Pima cotton was historically grown in Peru as long as 8000 years ago, and was re-invigorated when the U.S. Department of Agriculture worked with Peruvians, Pima Indians from Arizona, and others in the 1930s to develop a U.S. strain of long-staple cotton.
Modern-day Pima cotton comes mostly from the U.S., Peru, and Australia. It’s grown other places, too, such as Ecuador, Colombia, Bolivia, Brazil, India, and China, but the soil and climate conditions of the main producers tend to make the best cotton fibers and thus the most luxurious cotton.
Because Pima cotton is used by luxury brands for sheets and clothing, many companies use the name, even though the item might be another variety of extra-long-staple cotton, or have only 20% Pima cotton, or be entirely conventional short-staple cotton, etc.
Supima (“superior Pima”) cotton is a trademarked name that certifies the cotton is authentic Pima, and that it has been grown in the U.S. using certain somewhat sustainable practices. But only about 1% of Supima cotton is organic.

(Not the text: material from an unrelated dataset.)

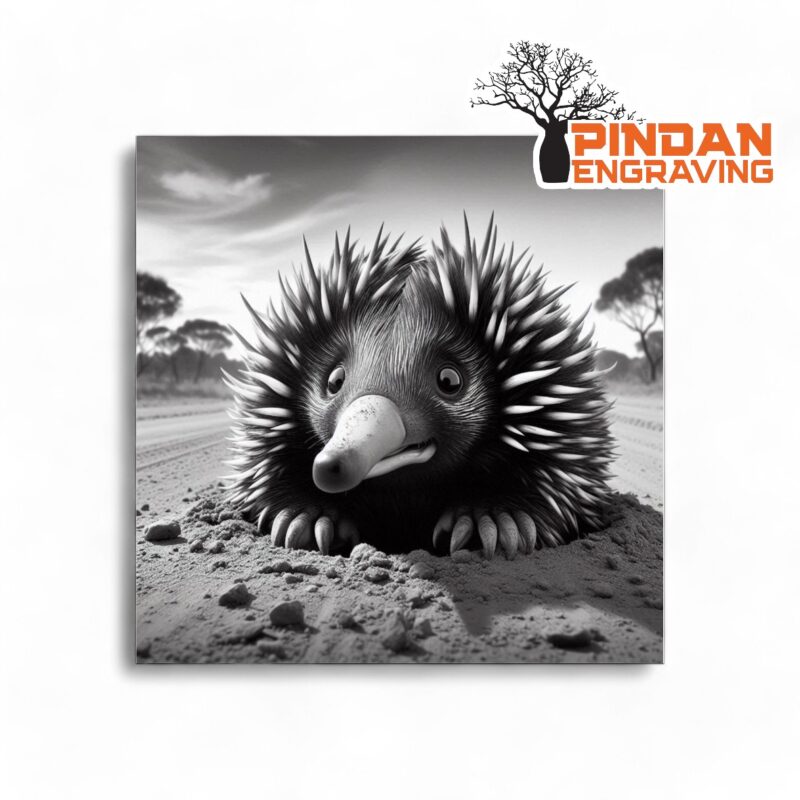 echidna slate coaster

Supima and Pima cotton grown in Peru or the U.S. are likely to be of about the same quality. Peruvian Pima cotton tends to be hand-harvested, which means production starts with the advantage of fibers that have been less damaged during harvest.

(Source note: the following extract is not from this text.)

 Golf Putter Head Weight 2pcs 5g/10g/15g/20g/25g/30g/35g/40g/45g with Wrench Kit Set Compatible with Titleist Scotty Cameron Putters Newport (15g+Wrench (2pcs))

Pima is sometimes called “American Egyptian cotton.”
Egyptian Cotton
Extra-long-staple Egyptian cotton is very similar to Pima cotton — they are the same species, and both can be made into fabric that is super-soft, smooth, strong, breathable, absorbent and resistant to odor, pilling, and wrinkling. It has been grown along the Nile since 3000 BCE, where the hot, dry climate reportedly makes the cotton extra-strong and extra-soft, even compared to Pima.
Technically, any cotton grown in Egypt, even short-staple common cotton, can be called “Egyptian cotton,” and a huge percentage of what is sold as “Egyptian cotton” is not extra-long-staple cotton. It is common for sellers to say their product is Egyptian cotton if it contains a blend of Egyptian cotton and ordinary cotton, or any cotton grown in Egypt, whether extra-long-fiber or not.
Short-staple cotton products use thread count to show quality, but they twist multiple threads together because they are so thin, whereas with long-staple cotton the material is strong and soft without the need to use so many threads.